[THE INPUT]

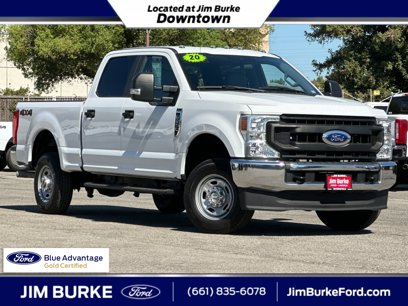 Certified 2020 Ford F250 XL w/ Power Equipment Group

[/THE INPUT]
[THE INPUT]

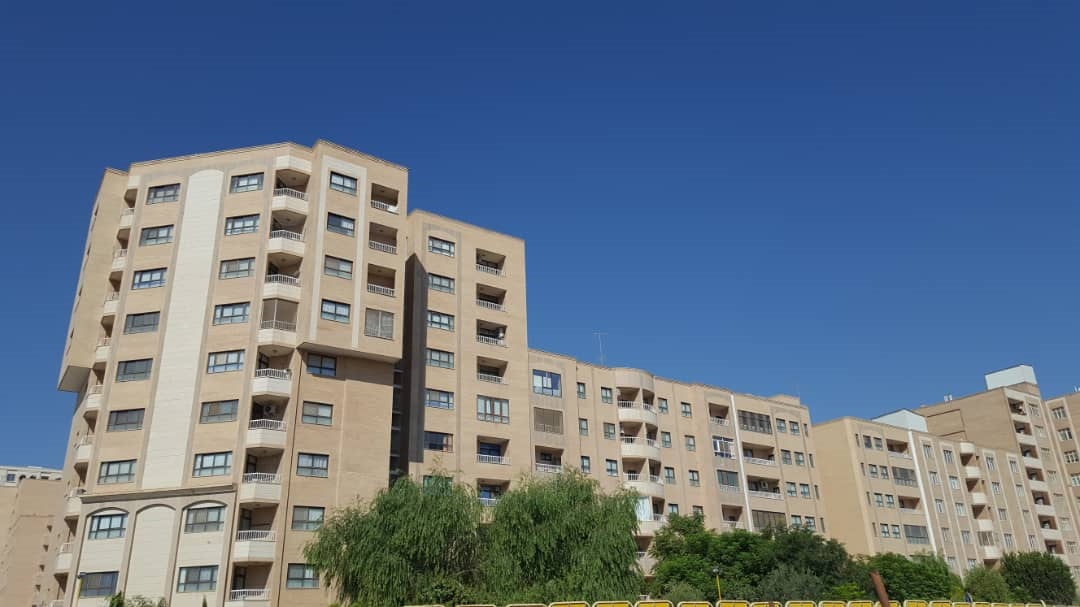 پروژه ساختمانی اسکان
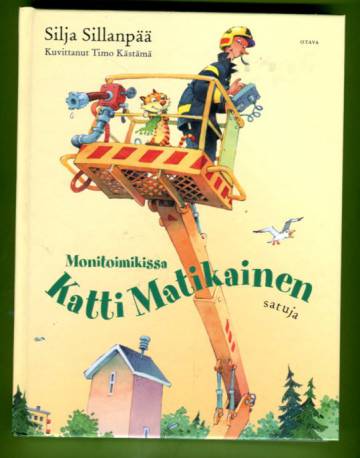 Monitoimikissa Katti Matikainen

[/THE INPUT]
[THE INPUT]

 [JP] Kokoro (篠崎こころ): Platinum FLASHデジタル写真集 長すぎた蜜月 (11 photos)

[/THE INPUT]

Word for word, write out the lines above running from the one with "پروژه ساختمانی اسکان" up to and including the one with "Monitoimikissa Katti Matikainen". Drop any picture.

→ **ANSWER SPACE**:
 پروژه ساختمانی اسکان
 Monitoimikissa Katti Matikainen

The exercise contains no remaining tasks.